### Task goal:
All lines of the data shown below should be output exactly as they stand.
[Source data]
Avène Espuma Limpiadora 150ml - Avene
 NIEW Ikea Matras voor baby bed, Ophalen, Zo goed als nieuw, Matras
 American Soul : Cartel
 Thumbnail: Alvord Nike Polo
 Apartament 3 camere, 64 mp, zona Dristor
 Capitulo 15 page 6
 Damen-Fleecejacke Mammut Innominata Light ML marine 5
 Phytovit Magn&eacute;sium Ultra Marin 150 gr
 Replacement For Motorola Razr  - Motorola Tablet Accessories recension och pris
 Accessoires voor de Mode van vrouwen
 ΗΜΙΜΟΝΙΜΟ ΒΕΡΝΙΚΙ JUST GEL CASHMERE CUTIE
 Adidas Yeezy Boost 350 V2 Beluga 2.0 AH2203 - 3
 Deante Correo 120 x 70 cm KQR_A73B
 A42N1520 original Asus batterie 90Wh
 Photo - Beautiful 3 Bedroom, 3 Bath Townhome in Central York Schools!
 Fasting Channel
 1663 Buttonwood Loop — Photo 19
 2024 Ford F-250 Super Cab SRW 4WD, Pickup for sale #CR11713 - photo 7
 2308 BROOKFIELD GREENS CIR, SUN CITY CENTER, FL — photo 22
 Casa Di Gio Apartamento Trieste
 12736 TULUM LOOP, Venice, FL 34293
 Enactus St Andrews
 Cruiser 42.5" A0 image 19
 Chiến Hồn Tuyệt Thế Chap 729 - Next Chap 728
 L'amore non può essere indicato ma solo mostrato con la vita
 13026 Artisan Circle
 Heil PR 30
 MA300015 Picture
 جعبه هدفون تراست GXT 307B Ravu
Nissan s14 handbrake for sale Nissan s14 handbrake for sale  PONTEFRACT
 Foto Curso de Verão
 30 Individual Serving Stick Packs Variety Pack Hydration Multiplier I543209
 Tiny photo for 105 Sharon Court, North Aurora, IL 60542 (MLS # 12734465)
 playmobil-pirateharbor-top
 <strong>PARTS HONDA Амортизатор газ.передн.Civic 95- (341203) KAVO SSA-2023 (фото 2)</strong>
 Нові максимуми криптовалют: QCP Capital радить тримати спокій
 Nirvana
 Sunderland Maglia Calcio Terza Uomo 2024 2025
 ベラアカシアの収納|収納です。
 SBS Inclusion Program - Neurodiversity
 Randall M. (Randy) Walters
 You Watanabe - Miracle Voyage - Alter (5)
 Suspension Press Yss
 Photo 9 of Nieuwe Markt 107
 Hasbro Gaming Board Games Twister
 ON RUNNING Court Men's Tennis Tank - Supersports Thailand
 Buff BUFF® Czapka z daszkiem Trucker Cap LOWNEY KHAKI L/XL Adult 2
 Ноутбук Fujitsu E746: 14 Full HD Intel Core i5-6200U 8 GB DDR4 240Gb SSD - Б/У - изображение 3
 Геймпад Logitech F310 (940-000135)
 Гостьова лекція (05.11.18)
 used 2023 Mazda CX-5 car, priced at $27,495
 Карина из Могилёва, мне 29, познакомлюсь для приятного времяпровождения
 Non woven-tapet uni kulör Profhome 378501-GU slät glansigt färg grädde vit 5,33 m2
[/Source data]
### Output for this task:
Avène Espuma Limpiadora 150ml - Avene
 NIEW Ikea Matras voor baby bed, Ophalen, Zo goed als nieuw, Matras
 American Soul : Cartel
 Thumbnail: Alvord Nike Polo
 Apartament 3 camere, 64 mp, zona Dristor
 Capitulo 15 page 6
 Damen-Fleecejacke Mammut Innominata Light ML marine 5
 Phytovit Magn&eacute;sium Ultra Marin 150 gr
 Replacement For Motorola Razr  - Motorola Tablet Accessories recension och pris
 Accessoires voor de Mode van vrouwen
 ΗΜΙΜΟΝΙΜΟ ΒΕΡΝΙΚΙ JUST GEL CASHMERE CUTIE
 Adidas Yeezy Boost 350 V2 Beluga 2.0 AH2203 - 3
 Deante Correo 120 x 70 cm KQR_A73B
 A42N1520 original Asus batterie 90Wh
 Photo - Beautiful 3 Bedroom, 3 Bath Townhome in Central York Schools!
 Fasting Channel
 1663 Buttonwood Loop — Photo 19
 2024 Ford F-250 Super Cab SRW 4WD, Pickup for sale #CR11713 - photo 7
 2308 BROOKFIELD GREENS CIR, SUN CITY CENTER, FL — photo 22
 Casa Di Gio Apartamento Trieste
 12736 TULUM LOOP, Venice, FL 34293
 Enactus St Andrews
 Cruiser 42.5" A0 image 19
 Chiến Hồn Tuyệt Thế Chap 729 - Next Chap 728
 L'amore non può essere indicato ma solo mostrato con la vita
 13026 Artisan Circle
 Heil PR 30
 MA300015 Picture
 جعبه هدفون تراست GXT 307B Ravu
Nissan s14 handbrake for sale Nissan s14 handbrake for sale  PONTEFRACT
 Foto Curso de Verão
 30 Individual Serving Stick Packs Variety Pack Hydration Multiplier I543209
 Tiny photo for 105 Sharon Court, North Aurora, IL 60542 (MLS # 12734465)
 playmobil-pirateharbor-top
 <strong>PARTS HONDA Амортизатор газ.передн.Civic 95- (341203) KAVO SSA-2023 (фото 2)</strong>
 Нові максимуми криптовалют: QCP Capital радить тримати спокій
 Nirvana
 Sunderland Maglia Calcio Terza Uomo 2024 2025
 ベラアカシアの収納|収納です。
 SBS Inclusion Program - Neurodiversity
 Randall M. (Randy) Walters
 You Watanabe - Miracle Voyage - Alter (5)
 Suspension Press Yss
 Photo 9 of Nieuwe Markt 107
 Hasbro Gaming Board Games Twister
 ON RUNNING Court Men's Tennis Tank - Supersports Thailand
 Buff BUFF® Czapka z daszkiem Trucker Cap LOWNEY KHAKI L/XL Adult 2
 Ноутбук Fujitsu E746: 14 Full HD Intel Core i5-6200U 8 GB DDR4 240Gb SSD - Б/У - изображение 3
 Геймпад Logitech F310 (940-000135)
 Гостьова лекція (05.11.18)
 used 2023 Mazda CX-5 car, priced at $27,495
 Карина из Могилёва, мне 29, познакомлюсь для приятного времяпровождения
 Non woven-tapet uni kulör Profhome 378501-GU slät glansigt färg grädde vit 5,33 m2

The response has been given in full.